INSTRUCTIONS FOR THE TASK: Repeat the span of the entries below that starts at the line with "Hoymiles HiFlow 800 Vorderseite" and ends at the line with "Royal Hostel", nothing more. Skip the pictures.

EXERCISE DATA:
-*-*-

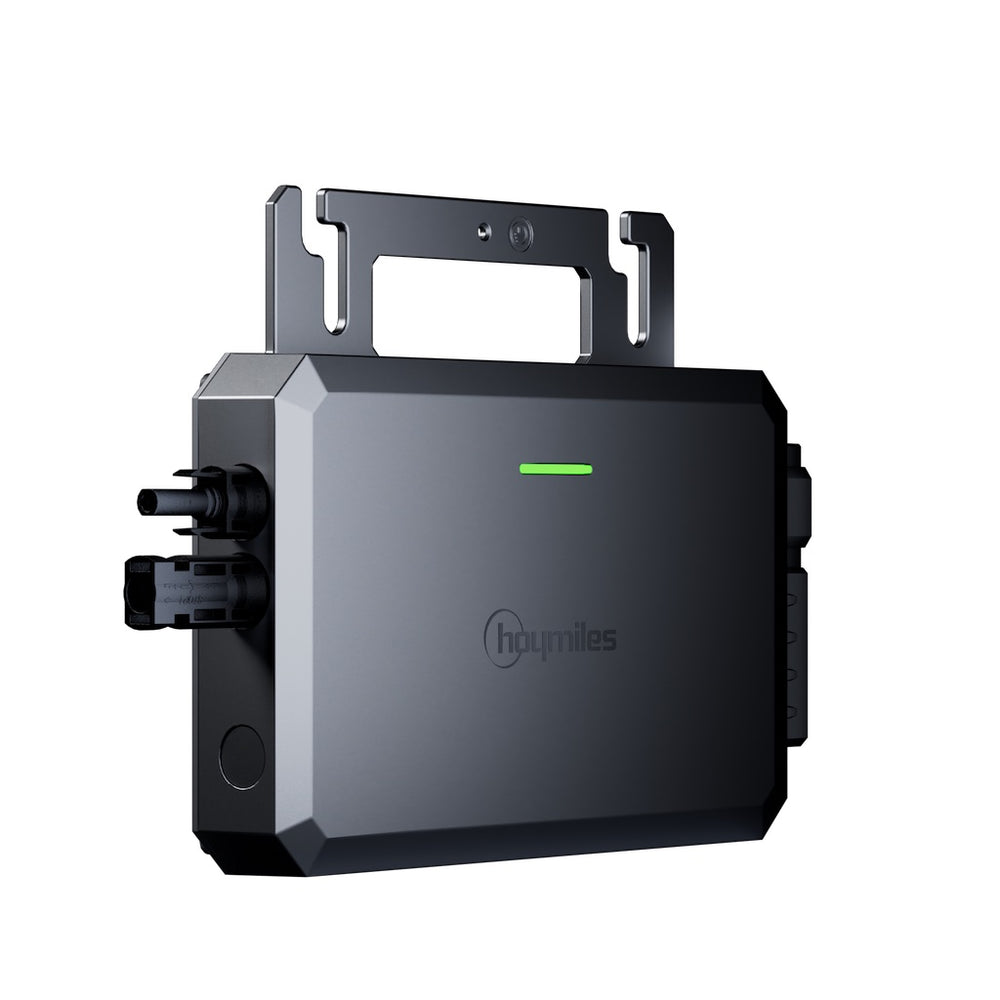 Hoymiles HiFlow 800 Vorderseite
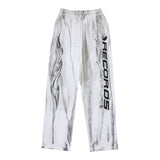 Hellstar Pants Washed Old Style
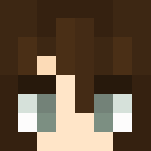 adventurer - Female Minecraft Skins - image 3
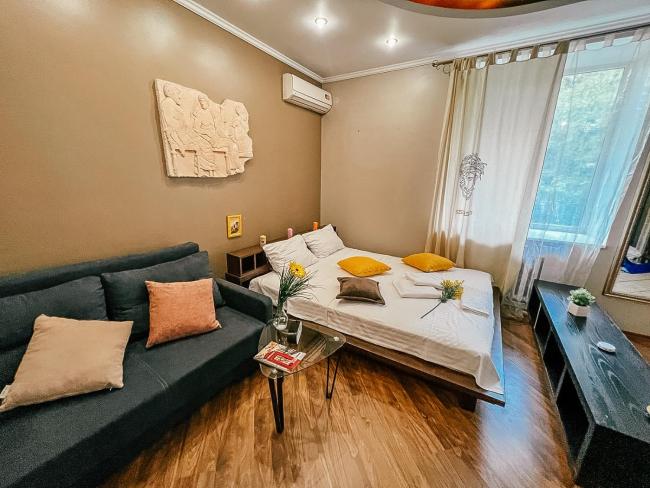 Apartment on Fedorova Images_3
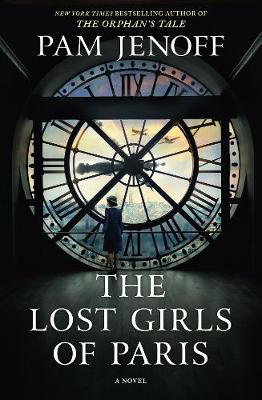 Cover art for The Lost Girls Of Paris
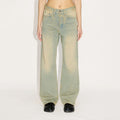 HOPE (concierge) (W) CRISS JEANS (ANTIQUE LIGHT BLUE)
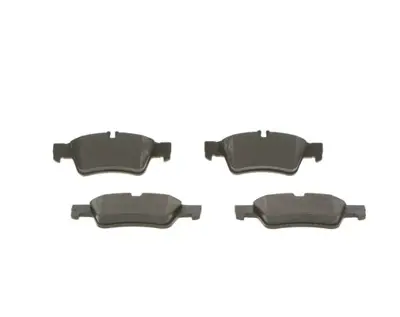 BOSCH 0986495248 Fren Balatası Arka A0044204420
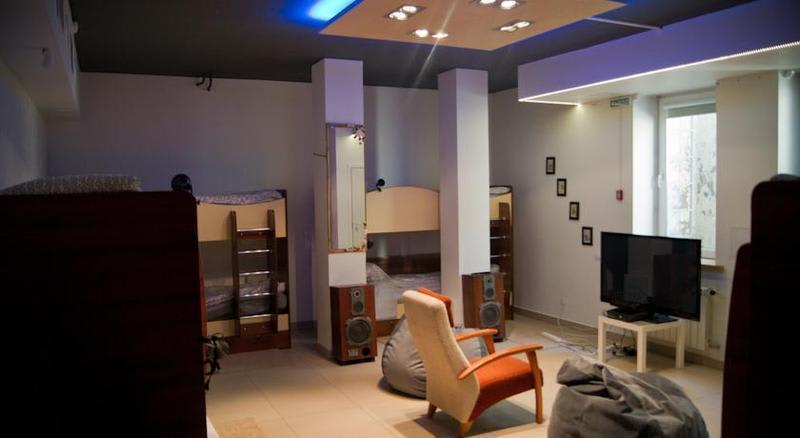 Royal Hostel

-*-*-

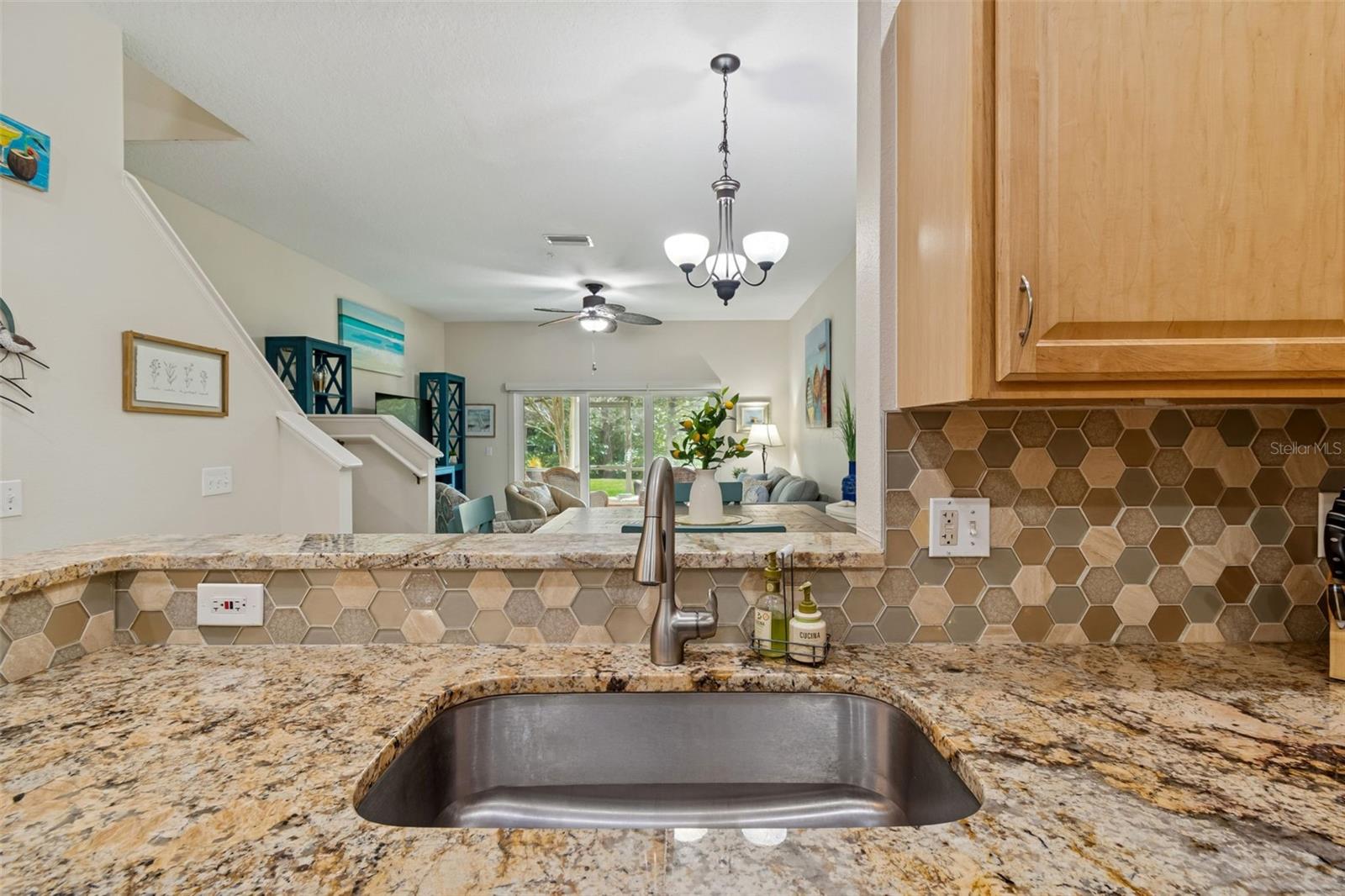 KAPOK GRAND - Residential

-*-*-

EXERCISE ANSWER:
 Hoymiles HiFlow 800 Vorderseite
 Hellstar Pants Washed Old Style
 adventurer - Female Minecraft Skins - image 3
 Apartment on Fedorova Images_3
 Cover art for The Lost Girls Of Paris
 HOPE (concierge) (W) CRISS JEANS (ANTIQUE LIGHT BLUE)
 BOSCH 0986495248 Fren Balatası Arka A0044204420
 Royal Hostel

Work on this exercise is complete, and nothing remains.